-- Opening Marker --
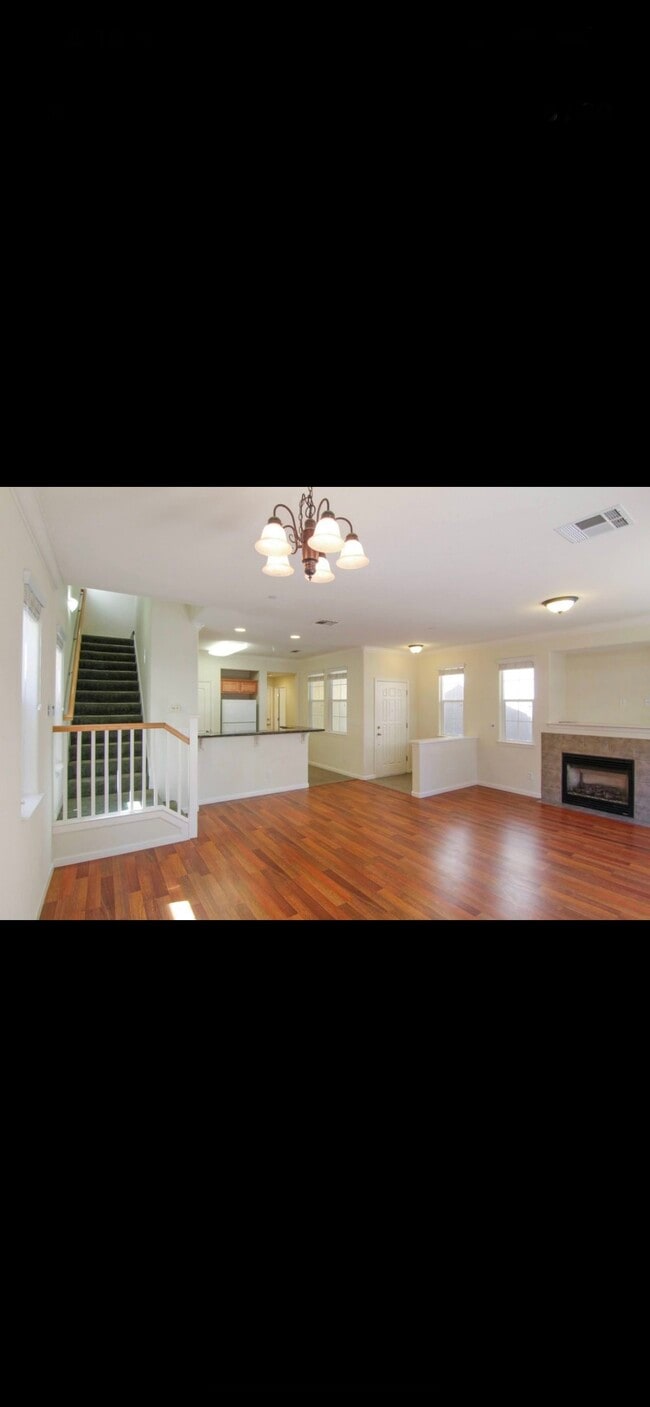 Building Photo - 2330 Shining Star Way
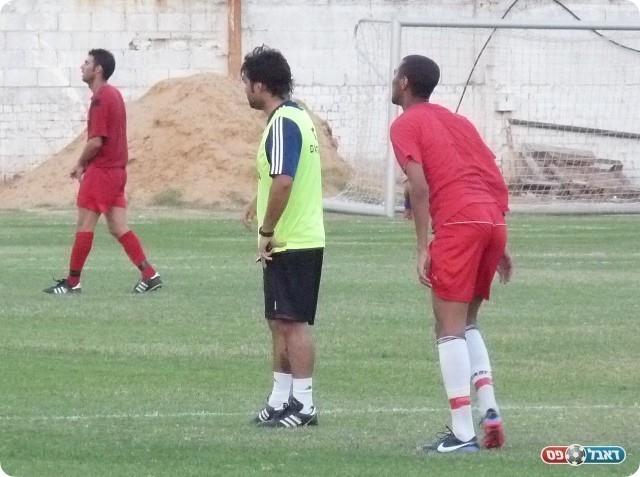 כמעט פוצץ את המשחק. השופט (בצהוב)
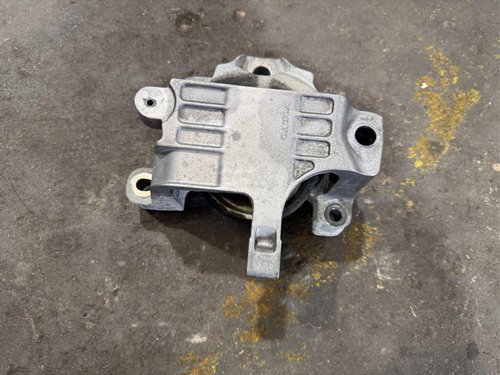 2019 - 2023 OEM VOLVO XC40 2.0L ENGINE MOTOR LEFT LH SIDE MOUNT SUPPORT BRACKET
-- Closing Marker --
Action item » Keep every word of the lines above unchanged in the copy, and omit the pictures.

Result below »
 Building Photo - 2330 Shining Star Way
 כמעט פוצץ את המשחק. השופט (בצהוב)
 2019 - 2023 OEM VOLVO XC40 2.0L ENGINE MOTOR LEFT LH SIDE MOUNT SUPPORT BRACKET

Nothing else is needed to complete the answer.